• Problem description
Apart from the pictures, every line below needs to be reproduced verbatim.

• Provided material

"""

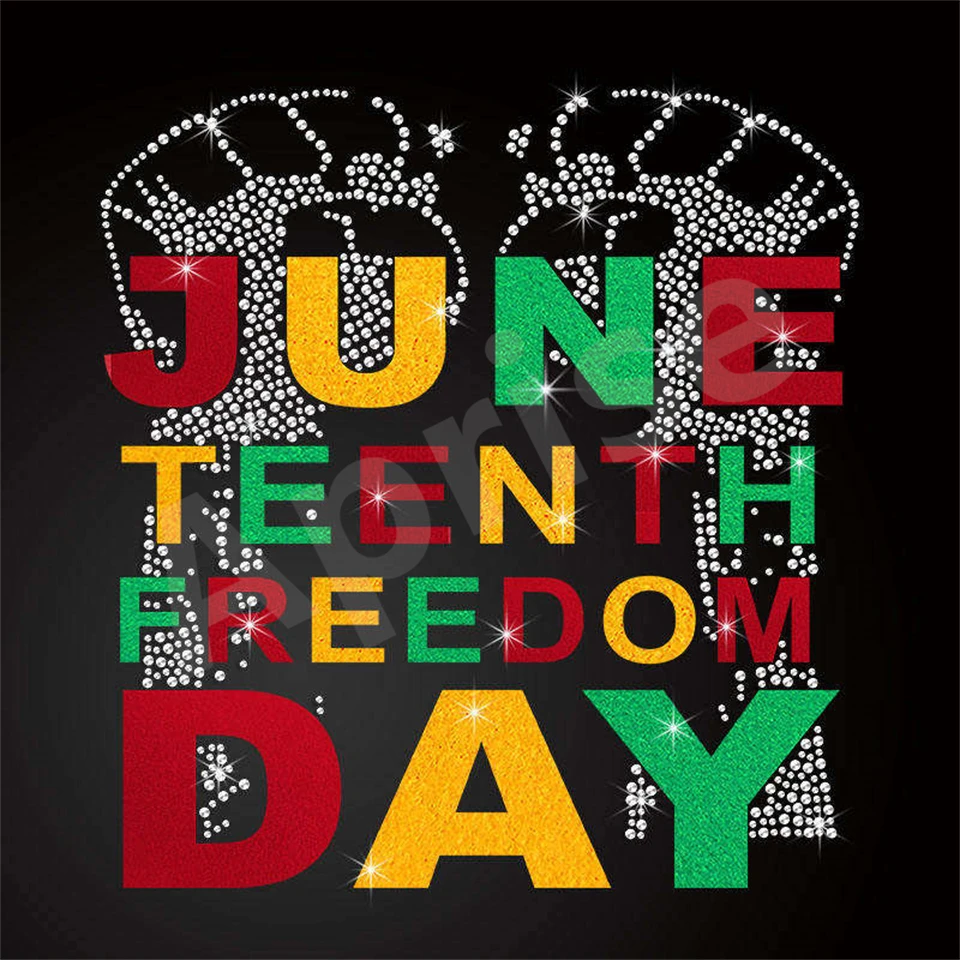 Вывеска-День Свободы Черное Хозяие со стразами переводит железо на камни дизайн для футболок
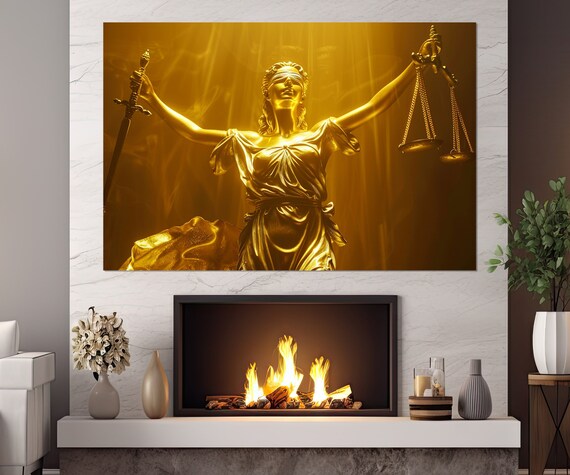 Golden Lady Justice Statue Scales Sword Law Office Wall Decor Poster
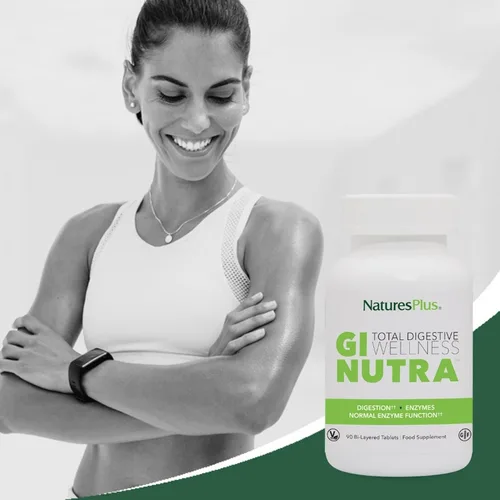 Vista 5 de NaturesPlus GI Natural Total Digestive Wellness - 90 tabletas de dos capas - con L-glutamina, probióticos, prebióticos y enzimas - Sin gluten - 30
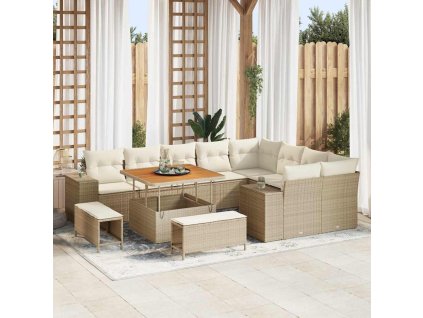 Sada zahradních pohovek s polštářem 12 pcs Béžová polyratan 3362036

"""

• Your response
 Вывеска-День Свободы Черное Хозяие со стразами переводит железо на камни дизайн для футболок
 Golden Lady Justice Statue Scales Sword Law Office Wall Decor Poster
 Vista 5 de NaturesPlus GI Natural Total Digestive Wellness - 90 tabletas de dos capas - con L-glutamina, probióticos, prebióticos y enzimas - Sin gluten - 30
 Sada zahradních pohovek s polštářem 12 pcs Béžová polyratan 3362036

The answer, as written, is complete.